(Caption-style text data)

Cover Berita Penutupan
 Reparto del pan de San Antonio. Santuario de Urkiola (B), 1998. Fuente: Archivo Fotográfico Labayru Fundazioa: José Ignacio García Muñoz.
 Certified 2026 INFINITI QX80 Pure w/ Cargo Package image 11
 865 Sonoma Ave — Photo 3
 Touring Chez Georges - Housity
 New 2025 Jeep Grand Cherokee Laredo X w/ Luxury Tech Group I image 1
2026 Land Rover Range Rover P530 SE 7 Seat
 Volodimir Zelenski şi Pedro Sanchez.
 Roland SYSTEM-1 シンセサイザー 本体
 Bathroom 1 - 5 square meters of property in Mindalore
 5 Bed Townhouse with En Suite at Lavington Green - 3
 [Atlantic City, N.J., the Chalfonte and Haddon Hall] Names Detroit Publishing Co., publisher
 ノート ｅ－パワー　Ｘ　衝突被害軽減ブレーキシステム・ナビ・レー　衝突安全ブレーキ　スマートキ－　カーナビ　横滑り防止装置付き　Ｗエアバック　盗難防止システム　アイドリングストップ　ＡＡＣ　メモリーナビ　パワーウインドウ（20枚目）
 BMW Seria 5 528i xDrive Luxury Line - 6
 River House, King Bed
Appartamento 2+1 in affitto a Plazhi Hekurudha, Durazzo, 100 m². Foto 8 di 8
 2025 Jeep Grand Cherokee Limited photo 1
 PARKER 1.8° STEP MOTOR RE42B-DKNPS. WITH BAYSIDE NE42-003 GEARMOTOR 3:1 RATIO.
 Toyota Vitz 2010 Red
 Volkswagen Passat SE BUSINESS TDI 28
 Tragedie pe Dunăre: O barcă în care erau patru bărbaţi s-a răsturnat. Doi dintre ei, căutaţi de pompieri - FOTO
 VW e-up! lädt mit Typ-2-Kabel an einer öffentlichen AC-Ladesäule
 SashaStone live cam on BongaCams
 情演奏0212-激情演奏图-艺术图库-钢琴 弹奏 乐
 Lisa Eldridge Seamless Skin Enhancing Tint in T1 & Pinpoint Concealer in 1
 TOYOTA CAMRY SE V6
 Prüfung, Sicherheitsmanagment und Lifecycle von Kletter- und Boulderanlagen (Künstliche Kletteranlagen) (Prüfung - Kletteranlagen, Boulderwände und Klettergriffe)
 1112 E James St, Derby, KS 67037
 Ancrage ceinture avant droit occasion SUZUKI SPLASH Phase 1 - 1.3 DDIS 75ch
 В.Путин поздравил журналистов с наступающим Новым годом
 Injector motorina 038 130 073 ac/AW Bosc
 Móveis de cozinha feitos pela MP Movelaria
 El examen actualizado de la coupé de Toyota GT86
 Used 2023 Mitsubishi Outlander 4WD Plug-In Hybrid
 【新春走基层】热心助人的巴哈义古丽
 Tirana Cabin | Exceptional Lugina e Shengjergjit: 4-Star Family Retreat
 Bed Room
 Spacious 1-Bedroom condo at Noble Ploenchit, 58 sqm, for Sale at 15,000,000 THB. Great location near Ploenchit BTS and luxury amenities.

GOAL OF THE EXERCISE —
Restate word for word only the lines above from the line containing "Lisa Eldridge Seamless" to the line containing "1112 E James St, Derby, KS 67037", both of them included.

RESULT OF THIS EXERCISE —
 Lisa Eldridge Seamless Skin Enhancing Tint in T1 & Pinpoint Concealer in 1
 TOYOTA CAMRY SE V6
 Prüfung, Sicherheitsmanagment und Lifecycle von Kletter- und Boulderanlagen (Künstliche Kletteranlagen) (Prüfung - Kletteranlagen, Boulderwände und Klettergriffe)
 1112 E James St, Derby, KS 67037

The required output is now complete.